Data:
----------------

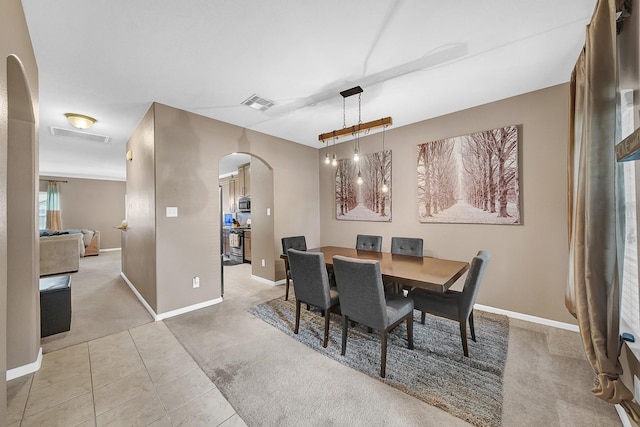 view of carpeted dining space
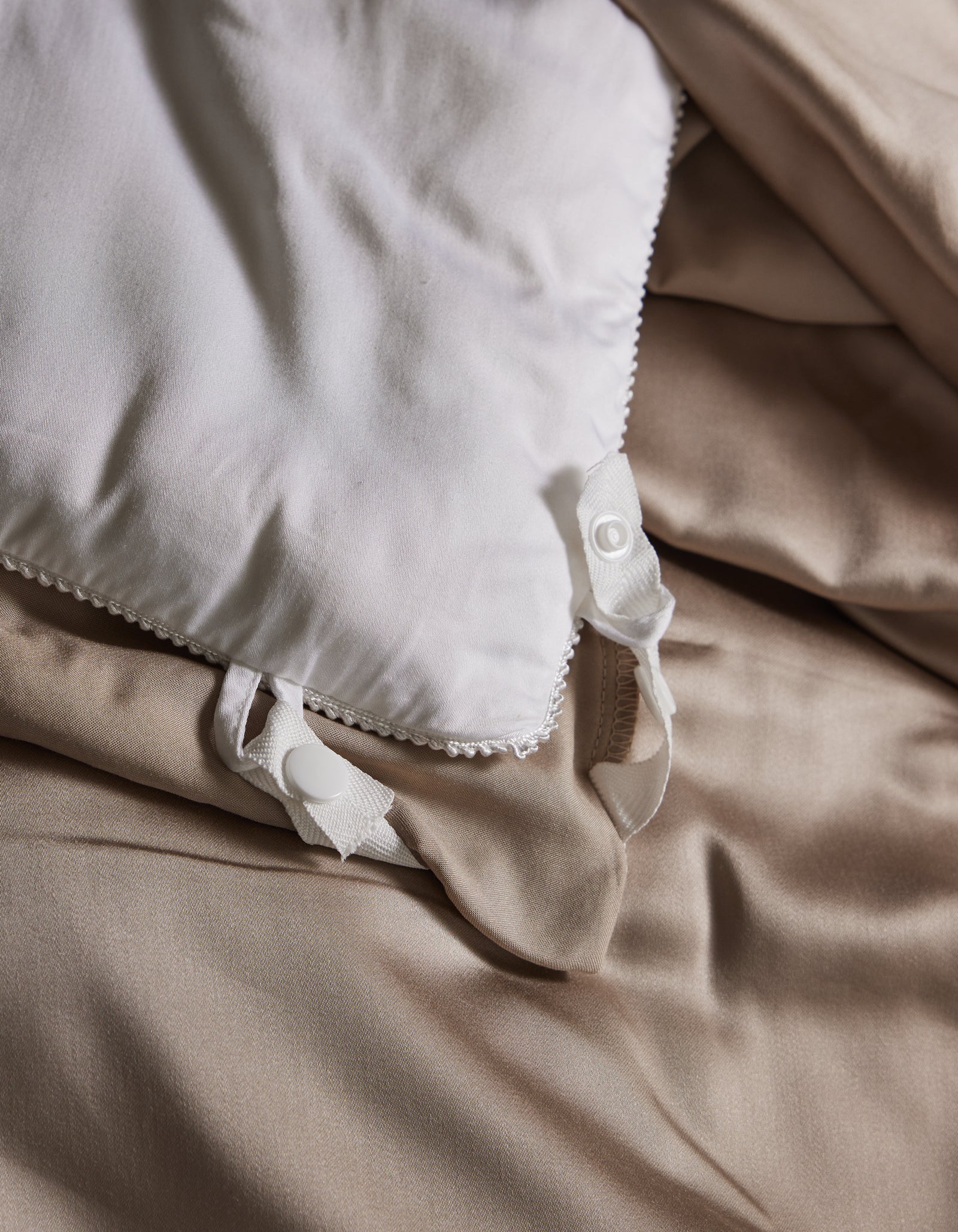 A close-up of Cozy Earth’s Bamboo Viscose Comforter with decorative trim and untied ribbon ties, resting on smooth, light beige sheets. The comforter's soft fabric appears slightly rumpled for a relaxed look.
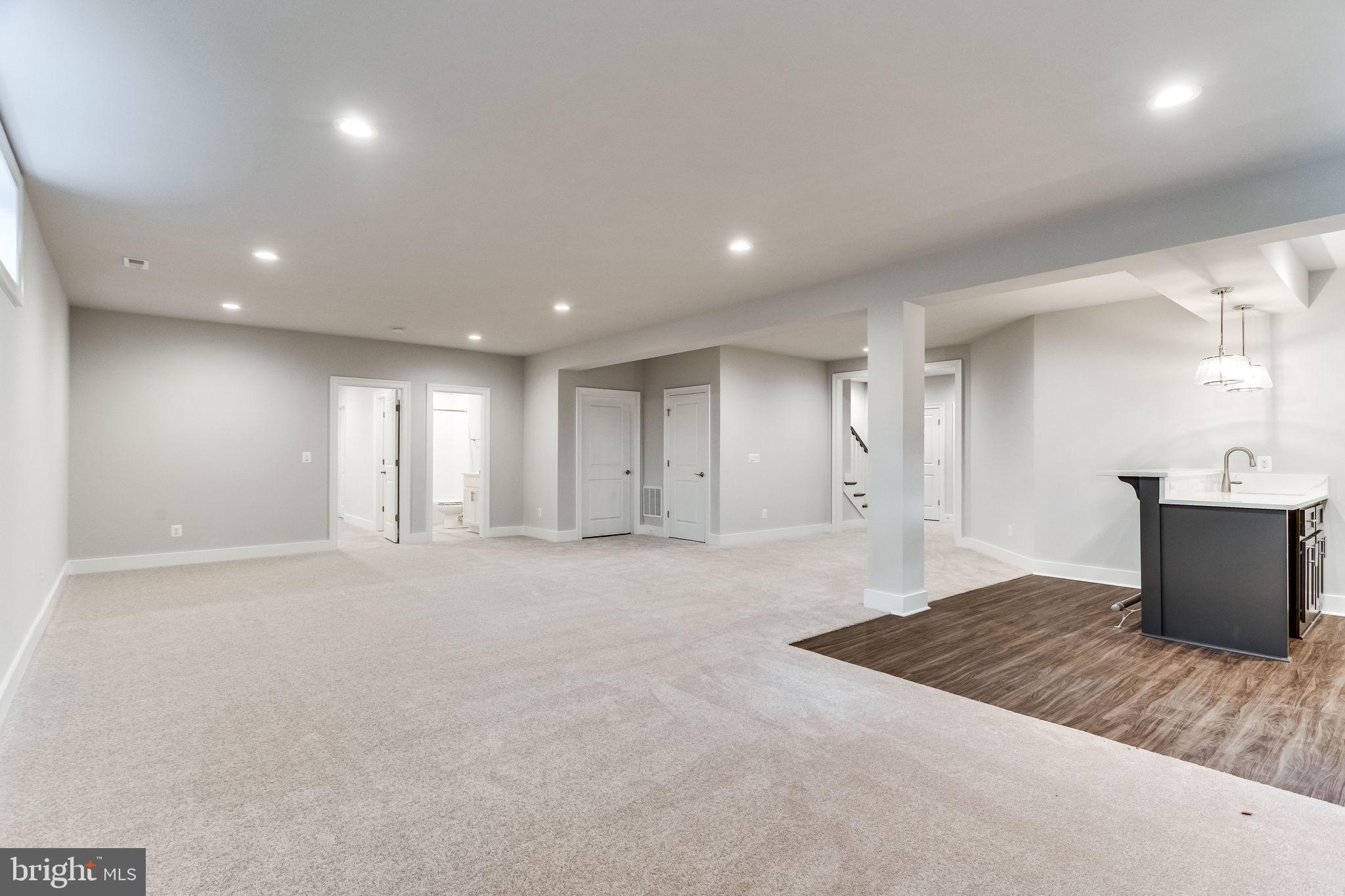 509 Ridge Road Southwest Vienna, VA 22180 - Photo 31 of 34 FINISHED LOWER LEVEL W/ OPTIONAL WET BAR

----------------

Your instructions: Each line of the listing is to be retyped exactly, and its pictures are to be dropped.

Solution to the exercise:
 view of carpeted dining space
 A close-up of Cozy Earth’s Bamboo Viscose Comforter with decorative trim and untied ribbon ties, resting on smooth, light beige sheets. The comforter's soft fabric appears slightly rumpled for a relaxed look.
 509 Ridge Road Southwest Vienna, VA 22180 - Photo 31 of 34 FINISHED LOWER LEVEL W/ OPTIONAL WET BAR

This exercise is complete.